Beginning next March, Patagonia, which ranks No. 205 in the Internet Retailer Top 400 Guide to Retail Web Sites, will offer European shoppers an online shopping channel.
All online marketing and merchandising will be coordinated through Patagonia’s U.S. operation in Ventura, CA, but the company, which sells outdoor clothing, gear, accessories and luggage under the Patagonia, Lotus Designs and Water Girl brands, will outsource call center and fulfillment services to a third-party provider in each European country. Those service companies have yet to be selected.
“We are still looking at which country is most suitable for the first launch,” says Craig Wilson, director of global e-media. “Eventually we will have a site for each of the four markets we are currently in.”
Patagonia, which also expects to begin online order processing in Canada later this year, is adding more web stores in new overseas markets after a year-long review of its multi-channel operations. “We are trying to improve our synergy across channels and it makes sense to offer customers more e-commerce options in European countries where we have a presence,” Wilson says.

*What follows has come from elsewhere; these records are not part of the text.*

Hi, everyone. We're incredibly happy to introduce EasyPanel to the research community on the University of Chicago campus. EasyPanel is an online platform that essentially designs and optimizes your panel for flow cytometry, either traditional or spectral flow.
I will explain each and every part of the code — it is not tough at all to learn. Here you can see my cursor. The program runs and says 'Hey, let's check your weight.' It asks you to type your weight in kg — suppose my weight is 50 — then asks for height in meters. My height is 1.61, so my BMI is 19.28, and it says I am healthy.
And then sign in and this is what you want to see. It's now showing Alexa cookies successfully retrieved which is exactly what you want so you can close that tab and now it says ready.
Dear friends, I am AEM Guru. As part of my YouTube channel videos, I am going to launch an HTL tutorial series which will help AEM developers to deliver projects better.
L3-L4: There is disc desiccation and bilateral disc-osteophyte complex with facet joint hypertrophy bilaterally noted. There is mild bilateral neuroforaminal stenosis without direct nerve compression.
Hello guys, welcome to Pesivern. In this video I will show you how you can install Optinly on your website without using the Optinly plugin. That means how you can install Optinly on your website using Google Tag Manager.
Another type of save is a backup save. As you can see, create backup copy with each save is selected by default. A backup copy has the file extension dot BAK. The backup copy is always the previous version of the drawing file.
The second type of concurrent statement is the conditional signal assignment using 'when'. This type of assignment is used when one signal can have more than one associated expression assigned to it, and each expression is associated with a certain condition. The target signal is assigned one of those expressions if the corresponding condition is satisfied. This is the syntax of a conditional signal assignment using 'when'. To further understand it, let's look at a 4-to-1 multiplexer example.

To expedite its international expansion, Patagonia is updating its e-commerce platform, Wilson says. In 2003, Patagonia implemented a site search program from Endeca Technologies Inc. Now Patagonia is looking to improve its content management applications and further integrate its various product and marketing information databases, Wilson says. By adding page templates and better content management applications, Patagonia, which carries an online inventory of about 400 products, will make it easier for marketing managers in other countries to make changes to web stores using a universal platform, Wilson says.